··· AVAILABLE DATA
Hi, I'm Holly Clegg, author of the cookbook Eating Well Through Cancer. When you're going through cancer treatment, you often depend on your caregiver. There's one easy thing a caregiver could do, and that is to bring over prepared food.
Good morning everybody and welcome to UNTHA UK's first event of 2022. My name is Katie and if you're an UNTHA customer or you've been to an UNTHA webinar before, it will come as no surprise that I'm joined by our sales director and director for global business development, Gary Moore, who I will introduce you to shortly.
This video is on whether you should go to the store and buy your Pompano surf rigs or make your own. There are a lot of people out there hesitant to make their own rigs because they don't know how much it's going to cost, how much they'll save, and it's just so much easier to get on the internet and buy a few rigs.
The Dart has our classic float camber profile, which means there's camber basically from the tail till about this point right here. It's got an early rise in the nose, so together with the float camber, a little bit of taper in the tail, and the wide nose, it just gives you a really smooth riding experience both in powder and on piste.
······
··· AVAILABLE DATA
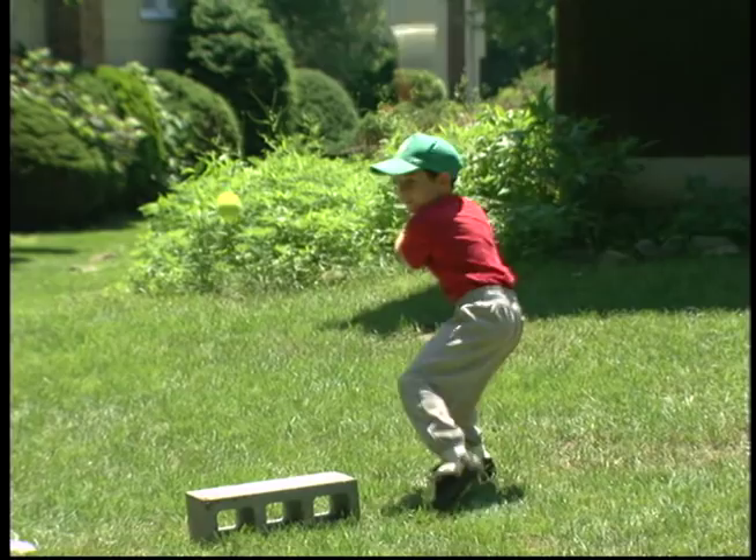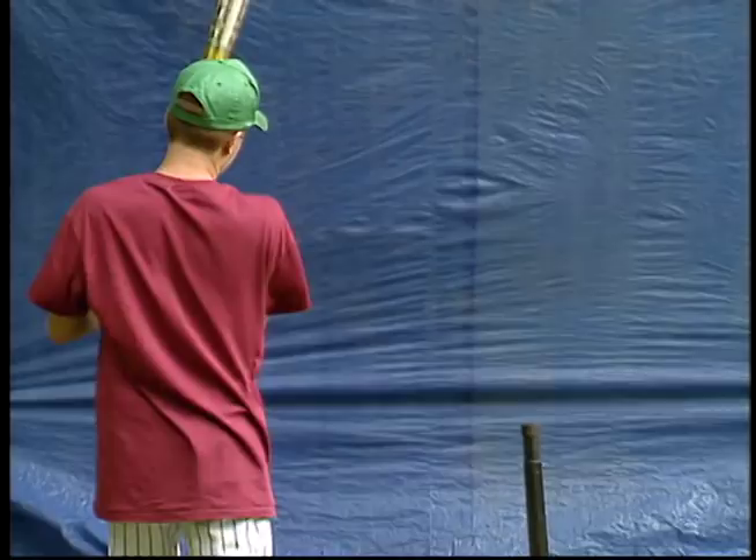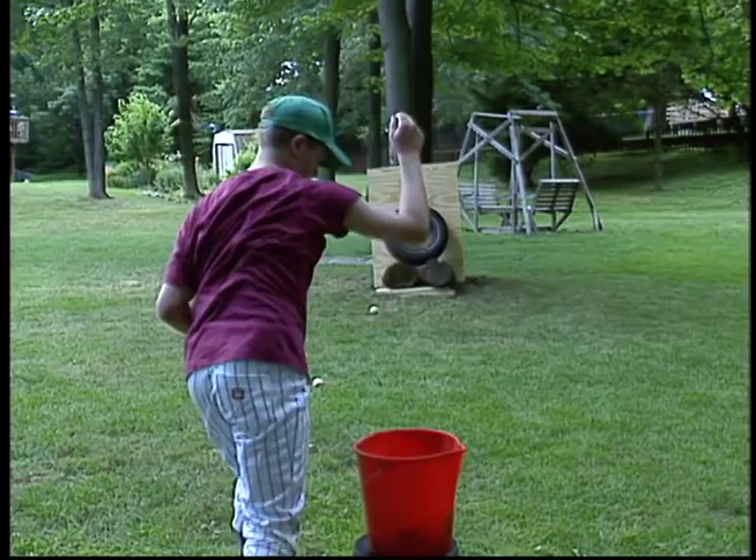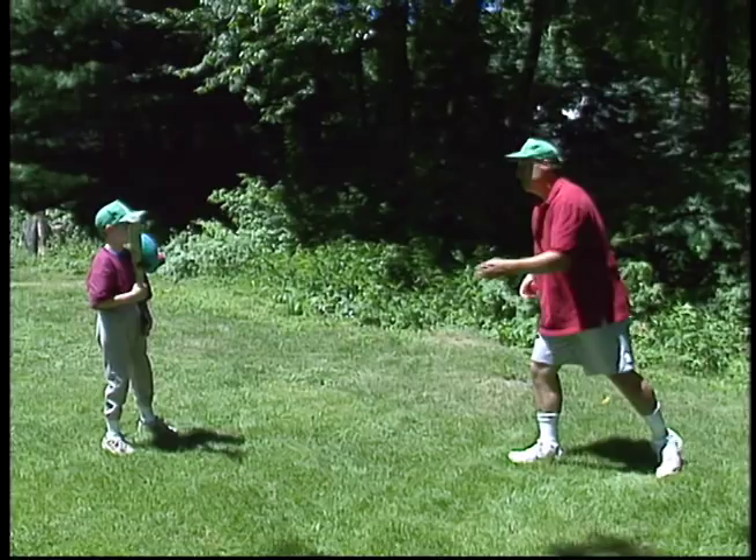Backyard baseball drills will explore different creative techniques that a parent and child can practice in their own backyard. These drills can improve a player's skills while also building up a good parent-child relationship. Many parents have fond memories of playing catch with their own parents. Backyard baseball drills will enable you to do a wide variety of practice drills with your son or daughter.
······
··· AVAILABLE DATA
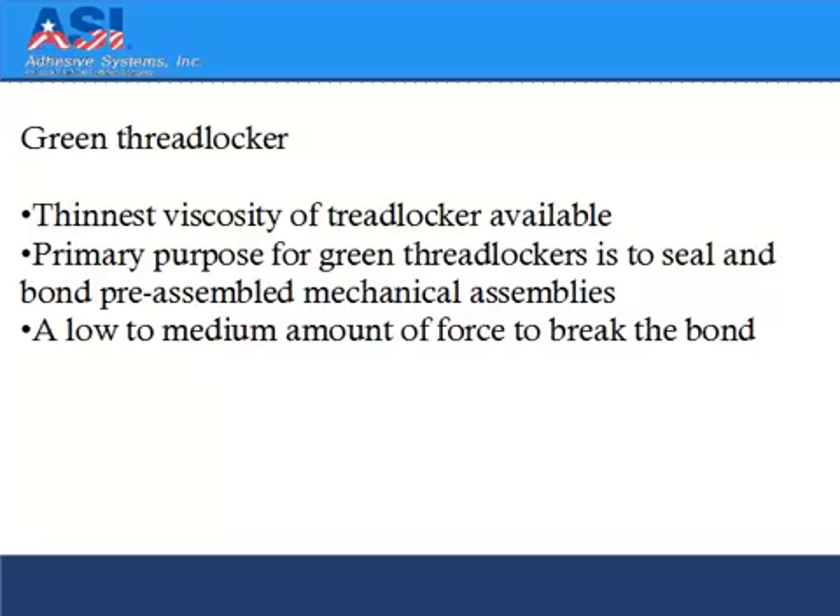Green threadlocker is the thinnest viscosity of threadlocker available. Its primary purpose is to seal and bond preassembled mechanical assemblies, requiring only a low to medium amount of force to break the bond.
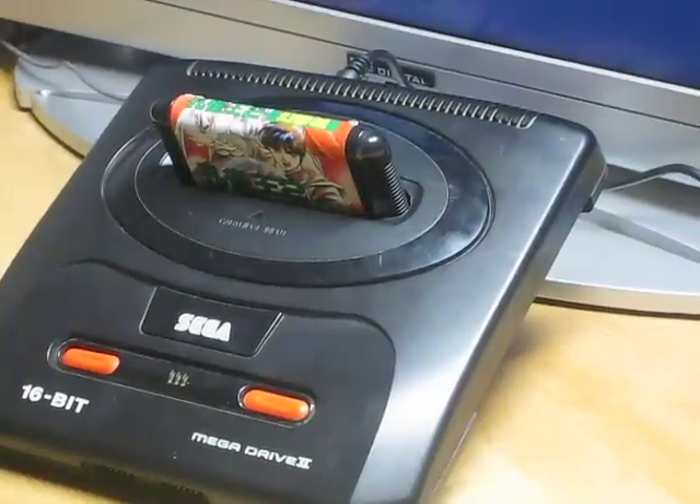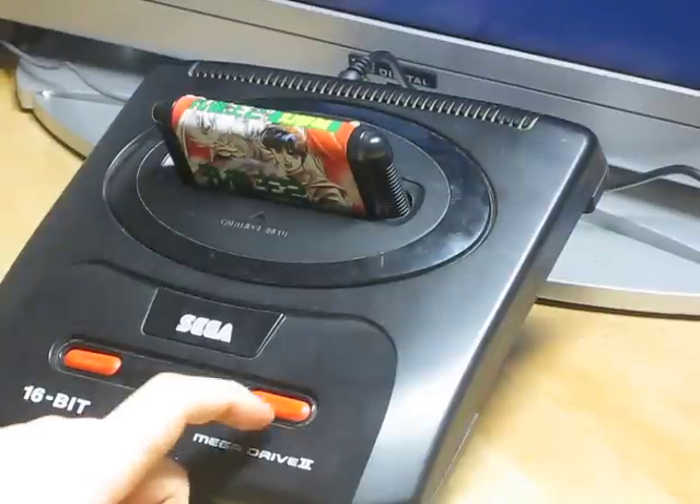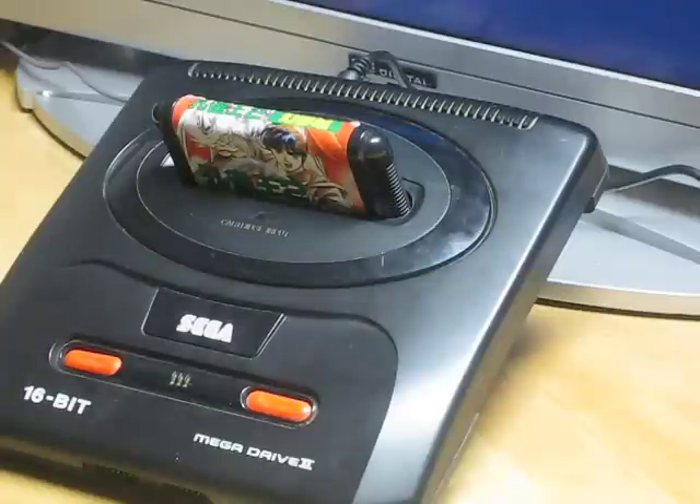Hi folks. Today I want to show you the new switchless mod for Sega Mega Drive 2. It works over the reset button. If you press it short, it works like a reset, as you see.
······
Extract from the records above the lines from the one containing "Hi, I'm Holly" to the one containing "The Dart has", both lines included, exactly as they appear and with nothing else.

Hi, I'm Holly Clegg, author of the cookbook Eating Well Through Cancer. When you're going through cancer treatment, you often depend on your caregiver. There's one easy thing a caregiver could do, and that is to bring over prepared food.
Good morning everybody and welcome to UNTHA UK's first event of 2022. My name is Katie and if you're an UNTHA customer or you've been to an UNTHA webinar before, it will come as no surprise that I'm joined by our sales director and director for global business development, Gary Moore, who I will introduce you to shortly.
This video is on whether you should go to the store and buy your Pompano surf rigs or make your own. There are a lot of people out there hesitant to make their own rigs because they don't know how much it's going to cost, how much they'll save, and it's just so much easier to get on the internet and buy a few rigs.
The Dart has our classic float camber profile, which means there's camber basically from the tail till about this point right here. It's got an early rise in the nose, so together with the float camber, a little bit of taper in the tail, and the wide nose, it just gives you a really smooth riding experience both in powder and on piste.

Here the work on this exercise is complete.